• _PROVIDED DATA_:
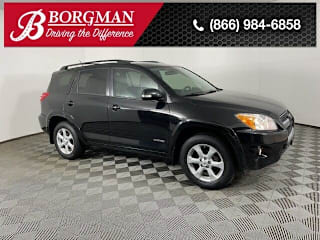 2011 Toyota RAV4 2T3DF4DV7BW159500 2011 Toyota RAV4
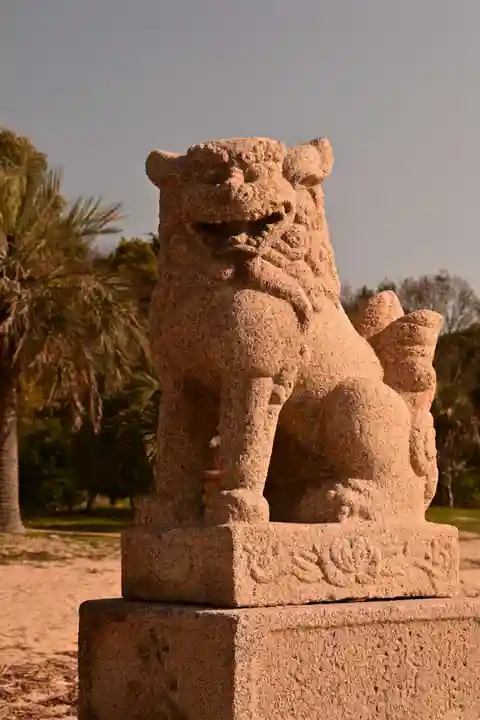 岩子島 厳島神社(広島県)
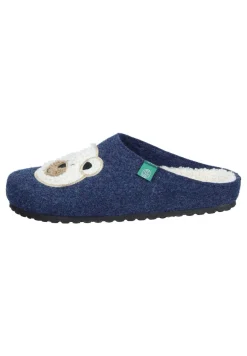 NERPIO HOME Hausschuhe blau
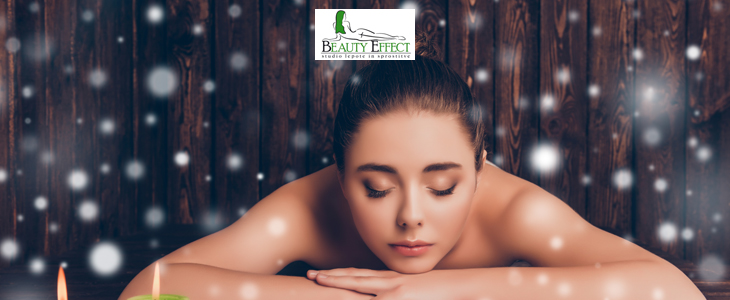 Do 60% popust na masažo telesa, beauty effect! - Kuponko.si
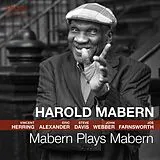 Harold Mabern CD Mabern Plays Mabern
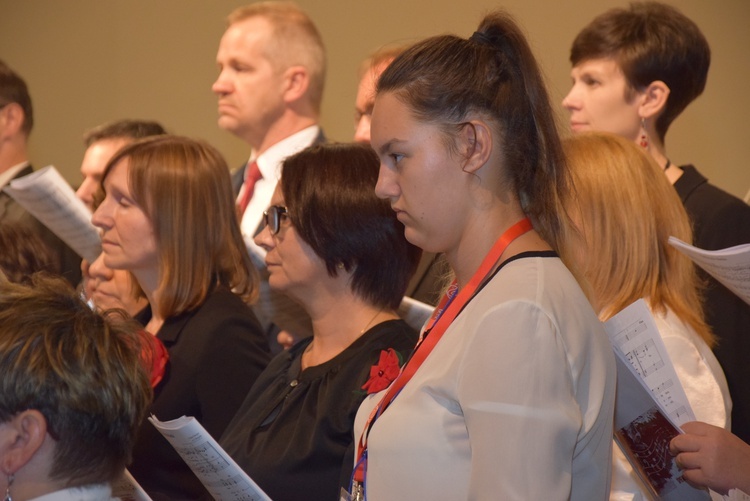 Koncert finałowy warsztatów muzyki liturgicznej w Skierniewicach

• _WORK INSTRUCTION_: Leave out the pictures, and retype exactly the lines from the one containing "Harold Mabern CD Mabern Plays Mabern" through the final line of the data.

• _EXERCISE SOLUTION_:
 Harold Mabern CD Mabern Plays Mabern
 Koncert finałowy warsztatów muzyki liturgicznej w Skierniewicach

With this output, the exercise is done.